En el futuro descrito por Montero, la ciencia y la tecnología no solo avanzan a un ritmo imparable, sino que también han abierto la puerta a nuevas formas de opresión. La biotecnología y la inteligencia artificial se imponen como fuerzas poderosas, cuya influencia sobre la política, la economía y la sociedad es indiscutible. Esta aceleración tecnológica y su impacto sobre las estructuras sociales y políticas están causando una desconexión emocional cada vez más profunda entre los seres humanos, lo que se refleja en la creciente incapacidad de las personas para relacionarse genuinamente entre sí. La figura de Bruna Husky, atrapada entre los mundos de los humanos y las máquinas, se convierte en un símbolo de esta desconexión.

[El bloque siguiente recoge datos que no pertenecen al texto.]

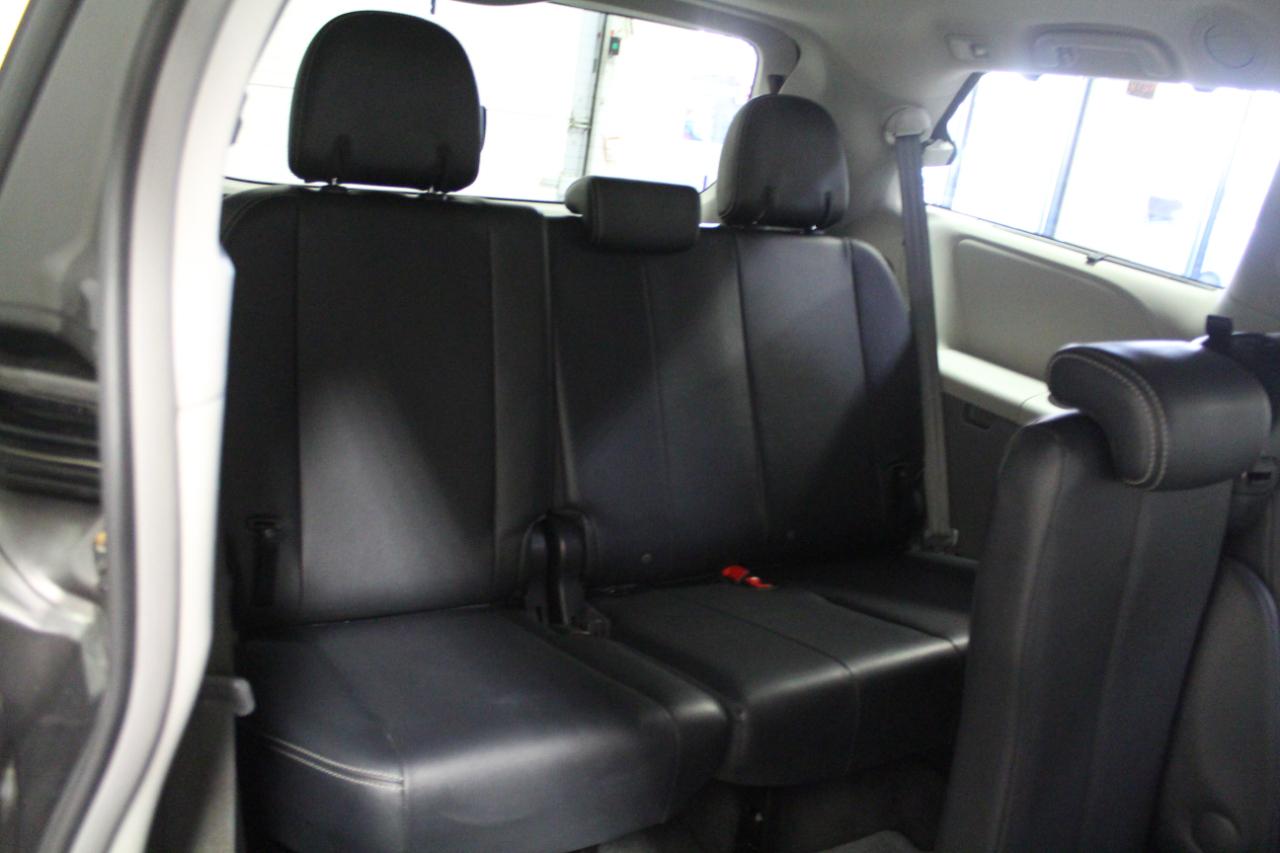 Toyota Sienna 5dr 8-Pass Van V6 SE FWD (Natl) 2014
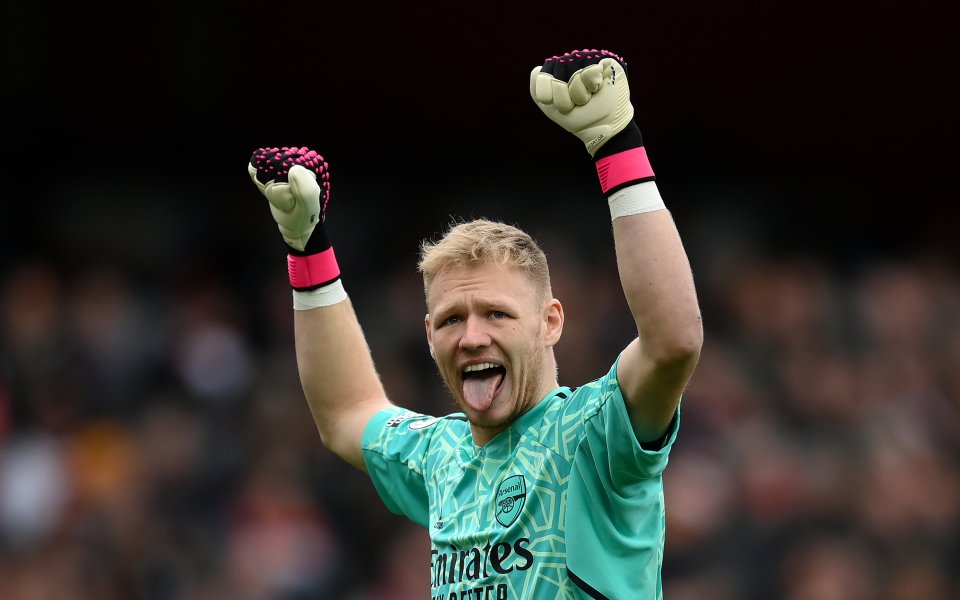 Докато Аарън Рамсдейл изглежда споделя приятелски отношения извън терена с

A través de Animales difíciles, Rosa Montero nos ofrece un oscilante espejo de la realidad contemporánea e insta a reflexionar sobre el futuro que estamos construyendo. En un mundo marcado por la aceleración tecnológica, la deshumanización, las manipulaciones ideológicas y la creciente brecha generacional, su obra se convierte en un llamado a la reflexión ética, epistemológica y estética. A través de Bruna Husky, Montero nos recuerda que, a medida que avanzamos hacia el futuro, debemos preguntarnos si estamos dispuestos a perder lo que nos hace humanos en nuestra constante búsqueda de progreso. La novela no solo actúa como una advertencia sobre las consecuencias de un avance desenfrenado, sino también como una invitación a detenernos y reconsiderar qué significa ser verdaderamente humanos en un mundo cada vez más marcado por lo digital, lo automatizado y lo artificial.
Manchamanteles
Entre la realidad y la máquina evoca la tensión existencial que Friedrich Nietzsche exploró en Humano, demasiado humano, un libro que se presenta como un llamado a los “espíritus libres”, despojados de las cadenas de la moral tradicional y las creencias convencionales. Nietzsche, al desafiar la visión romántica del ser humano, señala la fragmentación de nuestra identidad en un mundo que cada vez más está mediado por la máquina, una realidad donde la tecnología se infiltra en las fibras más profundas de nuestra humanidad. Así como el filósofo alemán observaba los peligros de la moralidad impuesta, hoy, en nuestra era digital, nos enfrentamos a una fragmentación aún más profunda: los Cuerpos fragmentados, disociados entre lo físico y lo virtual, entre lo natural y lo artificial. En este contexto, la crisis de la humanidad se convierte en el eco de la desconexión, una resonancia del vacío que dejamos atrás cuando reemplazamos nuestra autenticidad con la inmediatez y la superficialidad de lo digital.
Narciso el obsceno
En un mundo donde la realidad se disuelve en la máquina y los cuerpos se fragmentan entre lo físico y lo virtual, el narcisismo se convierte en un eco vacío, una ilusión de autenticidad que amplifica la desconexión con lo humano, mientras nos perdemos en una versión digitalizada y distorsionada de nosotros mismos.